▶ **WHAT IS BEING ASKED**
Your output should be the lines below from the one holding "Magic Wall Sticker" through the one holding "Homeward Bound Plaid", transcribed exactly, with no pictures.

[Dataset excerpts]

******************************

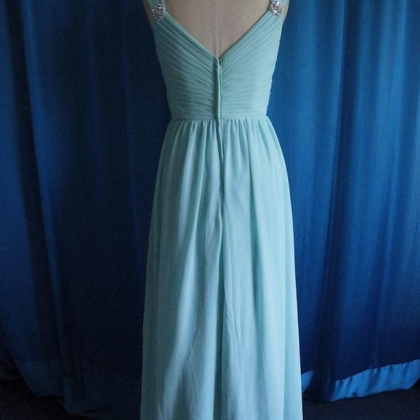 Long Bridesmaid Dress, Blue Bridesmaid..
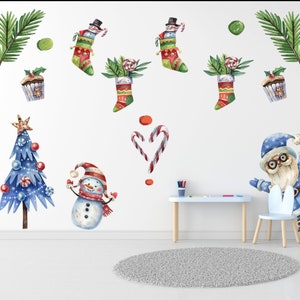 Magic Wall Sticker Set, Removable Self-Adhesive Vinyl Decals for Kids Rooms, Holiday & Christmas Decor, Easy Install, 18Pcs Festive Wall Art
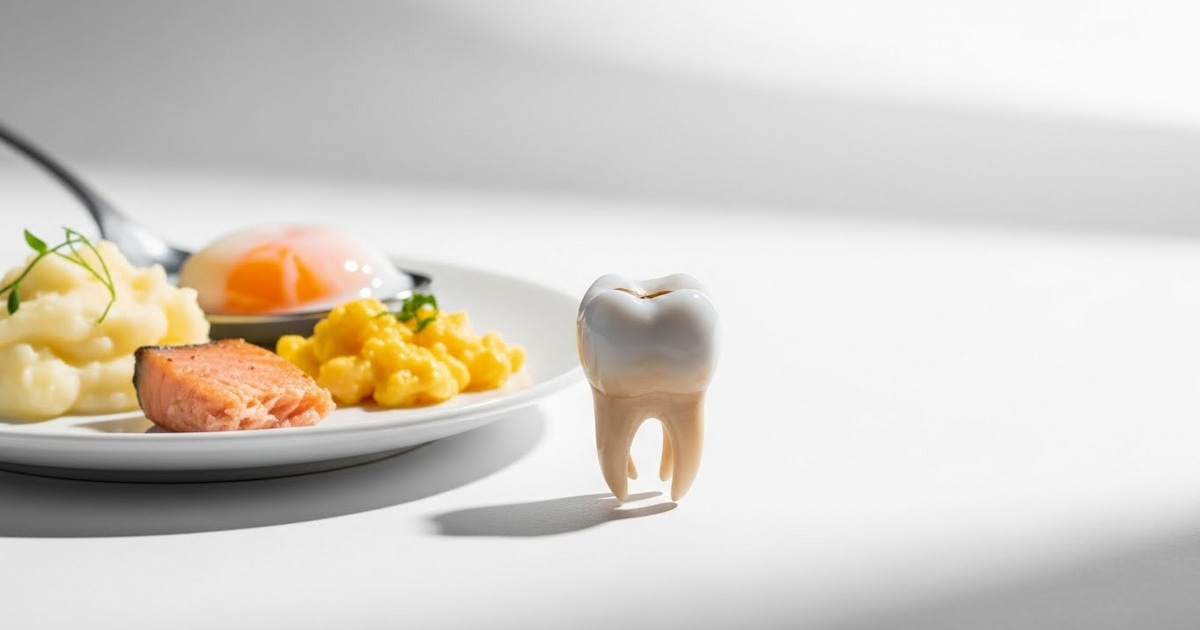 a single crowned tooth next to a small plate of soft foods
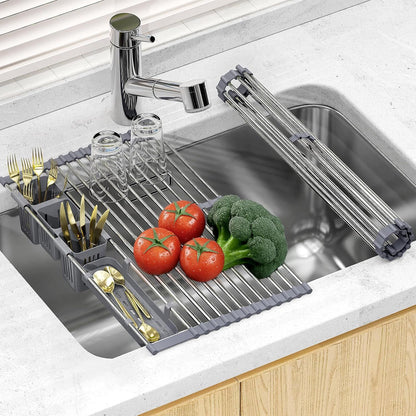 Ausziehbarer, aufrollbarer Geschirrtrockner mit 2 herausnehmbaren Körben, vielseitiger Küchenabtropfkorb, Ablagefach, Aufbewahrungsregal, Edelstahl, platzsparend, für die Spüle geeignet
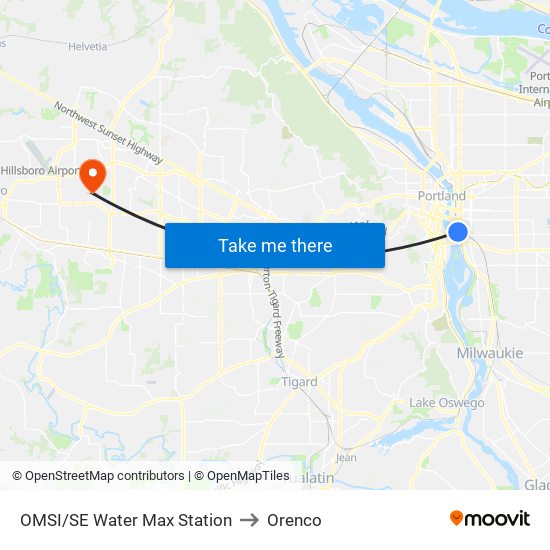 OMSI/SE Water Max Station to Orenco map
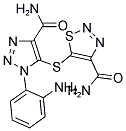 5-{[4-(Aminocarbonyl)-1-(2-aminophenyl)-1H-1,2,3-triazol-5-yl]thio}-1,2,3-thiadiazole-4-carboxamide 结构式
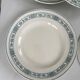 Lot of 6 blue-green ironstone plates, antique French earthenware.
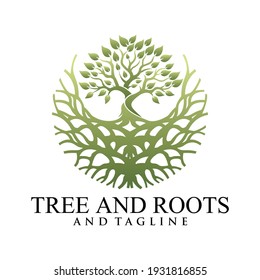 Root Of The Tree logo illustration. Vector silhouette of a tree,Abstract vibrant tree logo design, root vector - Tree of life logo design inspiration isolated on white background.
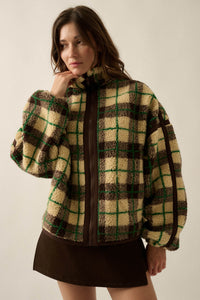 Homeward Bound Plaid Sherpa Fleece Zip-Up Jacket - ShopPromesa
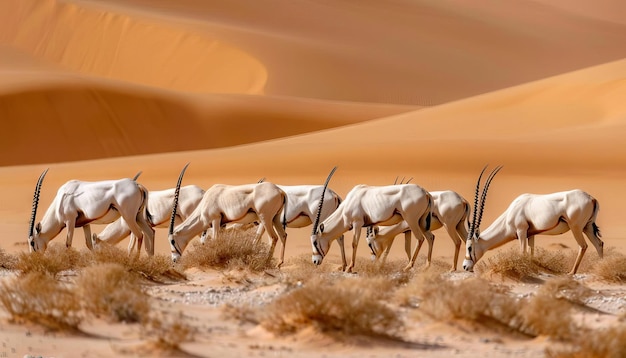 Uma manada de oryx árabe selvagem pastando na escassa vegetação do deserto misturando-se com a areia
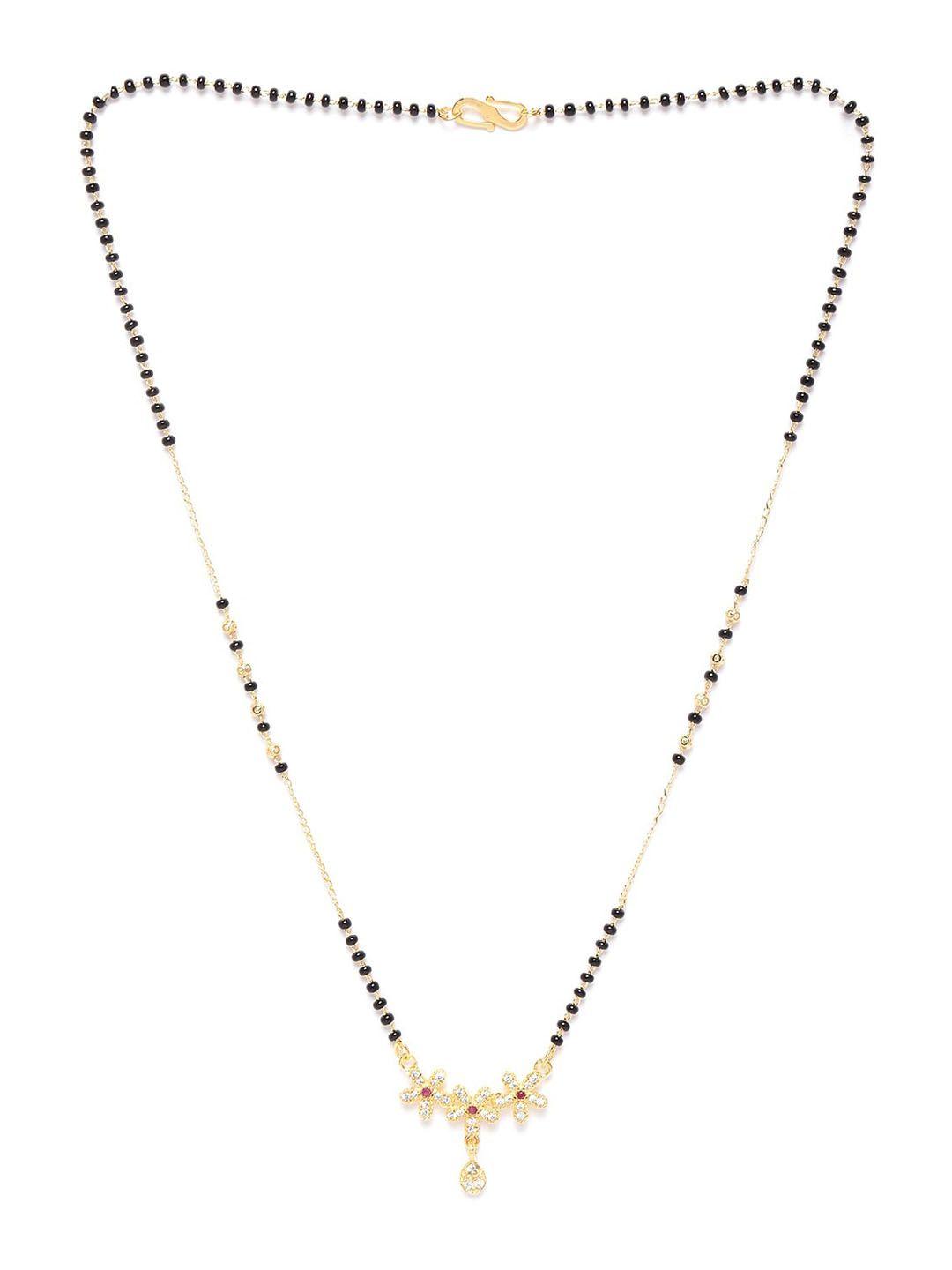 jewels gehna gold-plated ad-studded & beaded mangalsutra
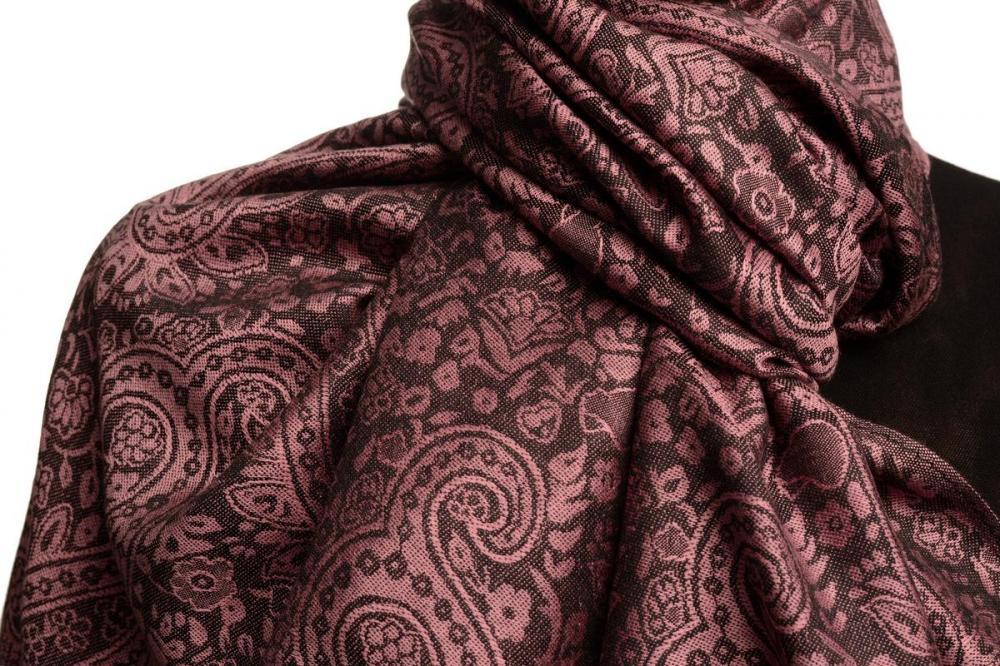 Liss Kiss Pink & Black Paisleys Pashmina Feel With Tassels - Scarf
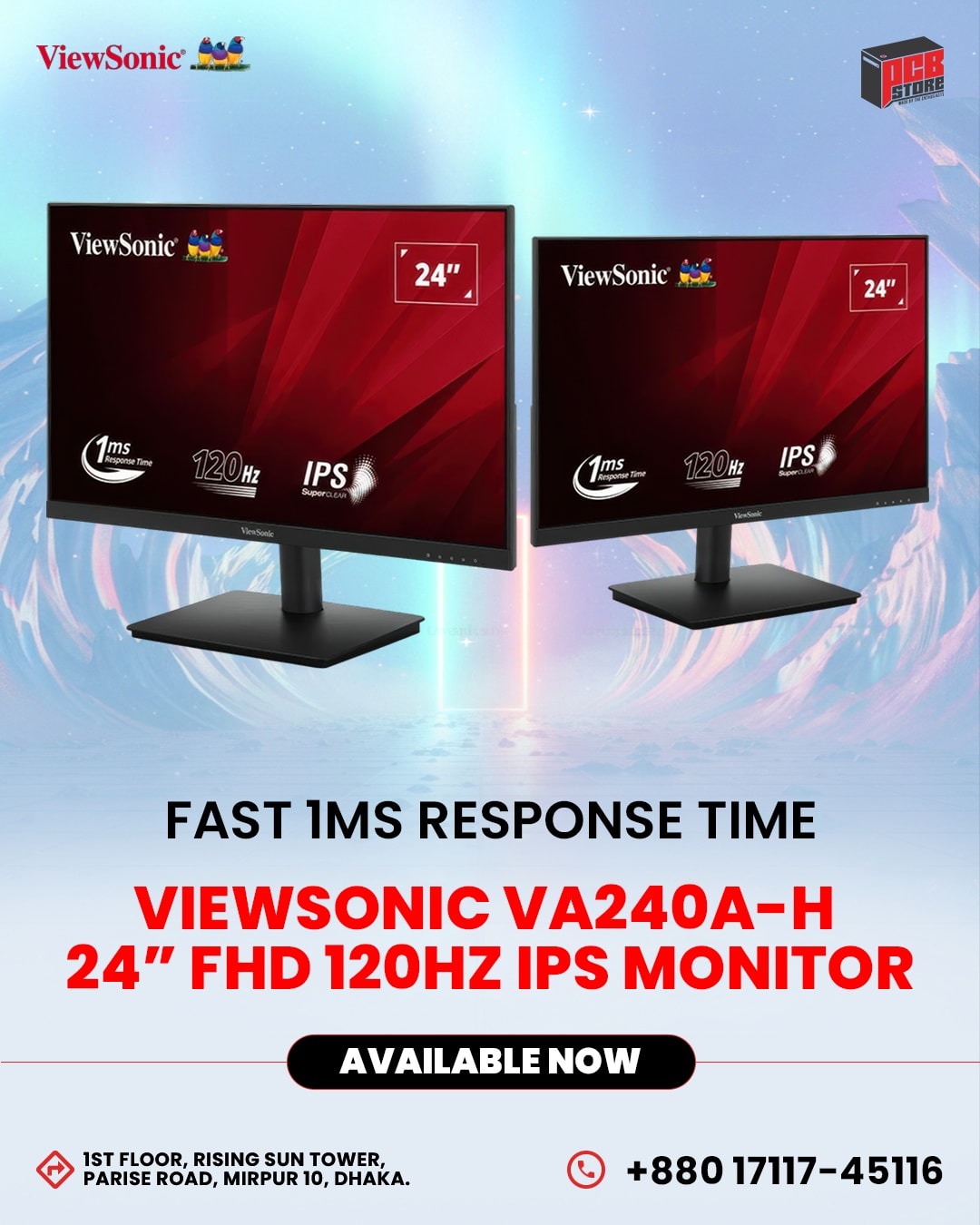 PCB - Viewsonic VA240A-H 24” 120Hz FHD IPS Monitor Now Available at PCB ...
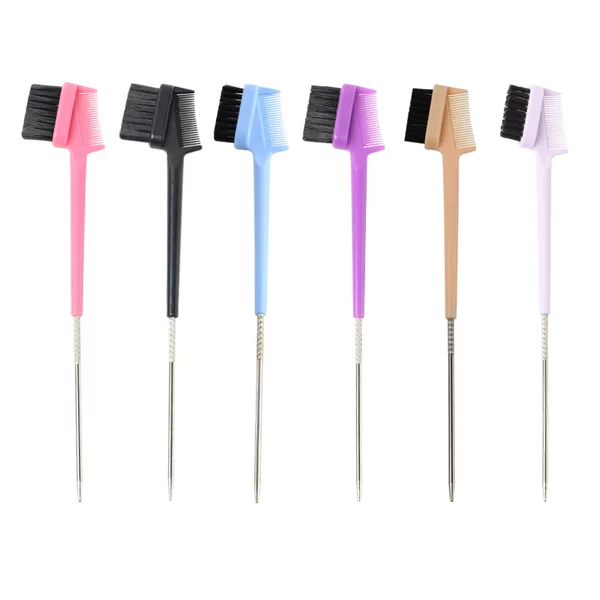 Cross-border double-headed steel needle eyebrow brush three-in-one highlighting dual-purpose pointed-tail comb eyelash comb hair comb cosmetic appliance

******************************

▶ **EXERCISE OUTPUT**
 Magic Wall Sticker Set, Removable Self-Adhesive Vinyl Decals for Kids Rooms, Holiday & Christmas Decor, Easy Install, 18Pcs Festive Wall Art
 a single crowned tooth next to a small plate of soft foods
 Ausziehbarer, aufrollbarer Geschirrtrockner mit 2 herausnehmbaren Körben, vielseitiger Küchenabtropfkorb, Ablagefach, Aufbewahrungsregal, Edelstahl, platzsparend, für die Spüle geeignet
 OMSI/SE Water Max Station to Orenco map
 5-{[4-(Aminocarbonyl)-1-(2-aminophenyl)-1H-1,2,3-triazol-5-yl]thio}-1,2,3-thiadiazole-4-carboxamide 结构式
 Lot of 6 blue-green ironstone plates, antique French earthenware.
 Root Of The Tree logo illustration. Vector silhouette of a tree,Abstract vibrant tree logo design, root vector - Tree of life logo design inspiration isolated on white background.
 Homeward Bound Plaid Sherpa Fleece Zip-Up Jacket - ShopPromesa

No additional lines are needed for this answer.